Conditions provisionner une créance

Si un client ne paie pas sa facture, à partir de quel moment est-il possible de la provisionner ?

Le principe et la comptabilisation d’une provision client ont déjà été traités dans notre premier article de ce dossier. Il s’agit de revenir ici sur les conditions à réunir avant de pouvoir passer une provision sur un client douteux.

Provisionner ou non un client ?

Si un client ne paye pas sa facture, l’entreprise a alors comptabilisé sans contrepartie :
 une vente, un produit : l’entreprise paiera donc davantage d’impôt sur les sociétés ou, son associé, davantage d’impôt sur le revenu,
 de la TVA collectée : l’entreprise doit reverser sans attendre cette TVA au Trésor Public.

Or, si des produits figurent en comptabilité, la réalité économique est à l’inverse une perte, puisque les biens sortis de stock ou la prestation fournie restent impayés.

Une provision permet de régulariser cette situation, et donc de présenter des comptes conformes à la réalité économique de l’entreprise.

Mais, de fait, une fausse provision, ou une provision constatée sans justification, permet de limiter son bénéfice imposable et sa TVA à reverser. Dans les deux cas, l’Etat subit un préjudice. Les provisions, et notamment les provisions pour clients douteux, sont donc surveillées et parfois contrôlées par l’administration fiscale. Il est donc indispensable de pouvoir justifier une telle écriture au moyen d’un dossier des provisions pour créance douteuse ou litigieuse.

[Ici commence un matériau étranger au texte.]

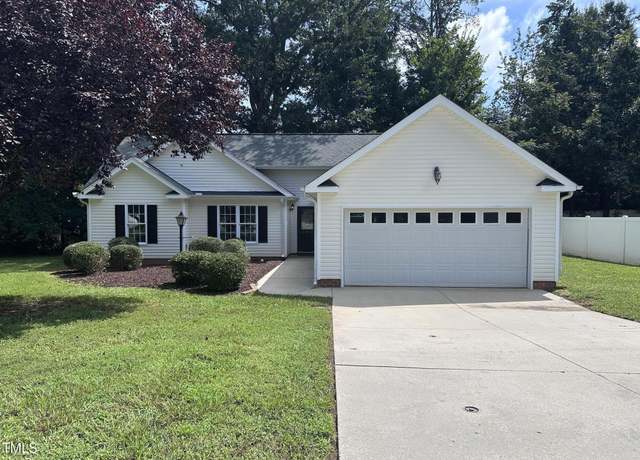 Property at 102 Cypress Ct, Gibsonville, NC 27249, 3 beds, 2 baths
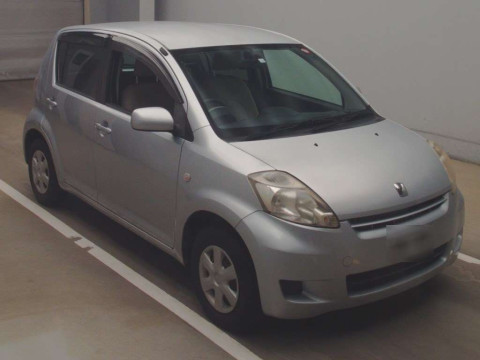 2008 Toyota Passo KGC10[2]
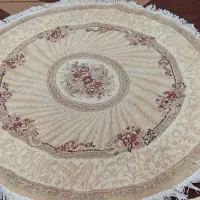 فرش گرد و فرش اتاق کودک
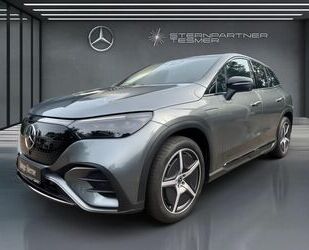 Mercedes-Benz EQE SUV Gebrauchtwagen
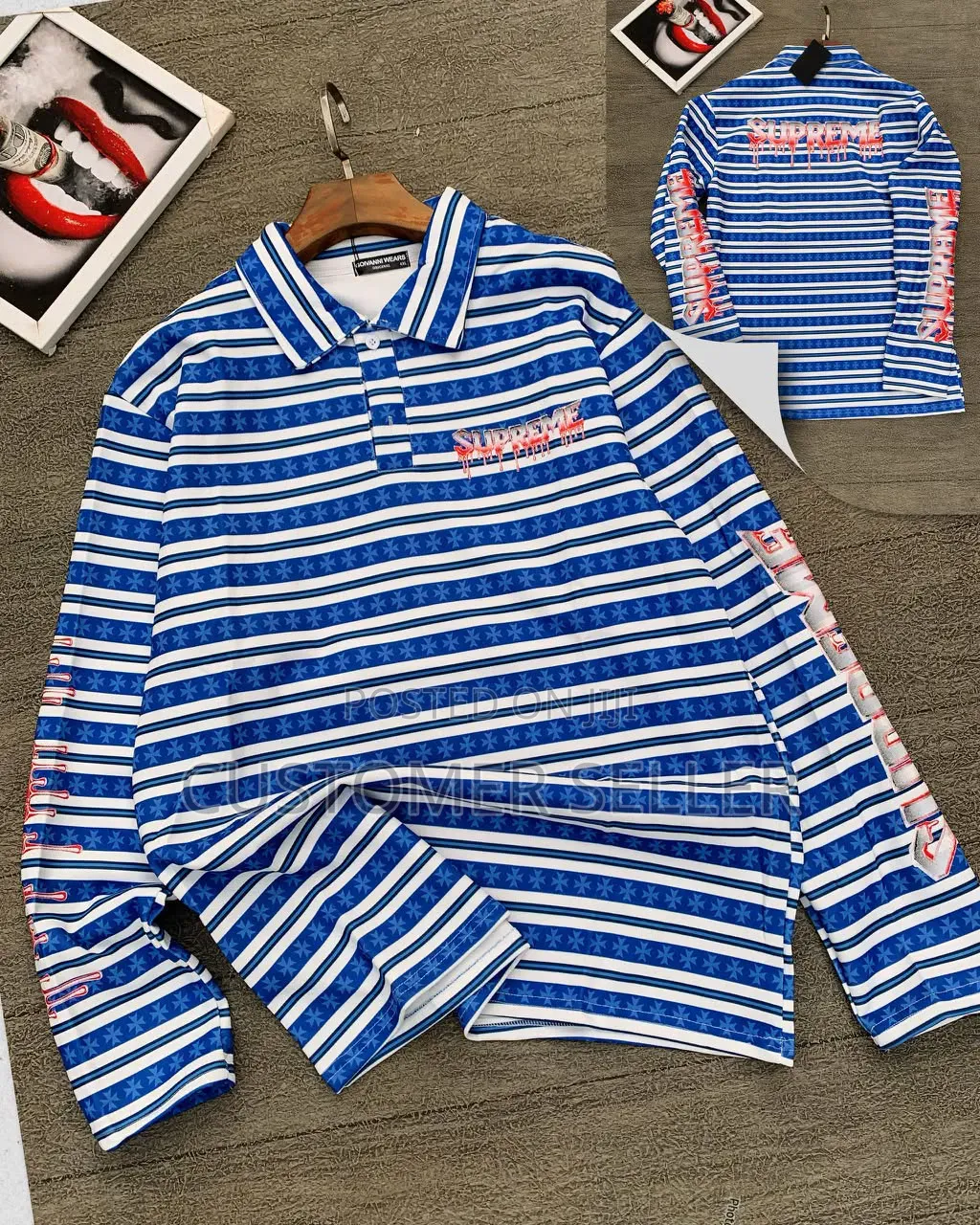 Quality Long Sleeve T-Shirt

Le montant global et la variation des provisions

Il ne faut pas oublier que l’administration fiscale dispose de deux informations précises concernant l’état des provisions d’une entreprise, et en particulier de ses provisions clients :
 le montant total de ses provisions clients à la date de clôture : dans le bilan déposé, à l’actif, dans la colonne des provisions,
 la variation de ces provisions durant l’année dans le tableau de passage des provisions qui figure dans la liasse fiscale et qui mentionne : l’augmentation des provisions durant l’exercice, le montant des reprises.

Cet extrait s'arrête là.